Once the cell has moved through and the warning has expired for your area, two clocks start: a safety clock, and a documentation clock. They run in parallel.
Safety first. If you see downed wires, leaning trees over power lines, debris on the roof, or pooling water near electrical service, stay out and call the appropriate utility or municipal emergency line. Do not photograph anything you have to enter unsafe space to capture.
Once safe, document before you clean. The Insurance Bureau of Canada is unambiguous on this sequence: photograph or video damage thoroughly, take an inventory of affected items, and hold onto damaged items unless they are dangerous. Receipts for emergency repairs, cleanup, and temporary accommodation are typically reimbursable under standard policies. The order matters. Mitigation done before documentation can complicate or even disqualify a claim, because the adjuster cannot independently verify the original loss.

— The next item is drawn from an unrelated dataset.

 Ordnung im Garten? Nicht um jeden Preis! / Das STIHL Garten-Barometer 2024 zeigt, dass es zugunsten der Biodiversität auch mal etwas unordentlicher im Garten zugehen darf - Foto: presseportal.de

One coverage nuance worth saying plainly. Standard home insurance generally covers wind, hail, fire and lightning damage. Overland flooding and sewer backup are usually optional add-ons. If your loss is water entering through a wind-damaged roof, that is usually a wind claim. If it is groundwater coming up through a basement floor drain, that is usually a sewer-backup or overland-water claim — and only if you have the endorsement. Knowing which bucket your loss falls into before you call will speed the conversation.
A reasonable mitigation step — tarping a roof breach, redirecting water away from an active leak, removing soaked drywall to slow mould growth — is not just allowed; it is generally expected. Take photos of the damage first, take photos of the mitigation step, and keep the receipts. Skipping mitigation can hurt your claim. So can skipping the photos.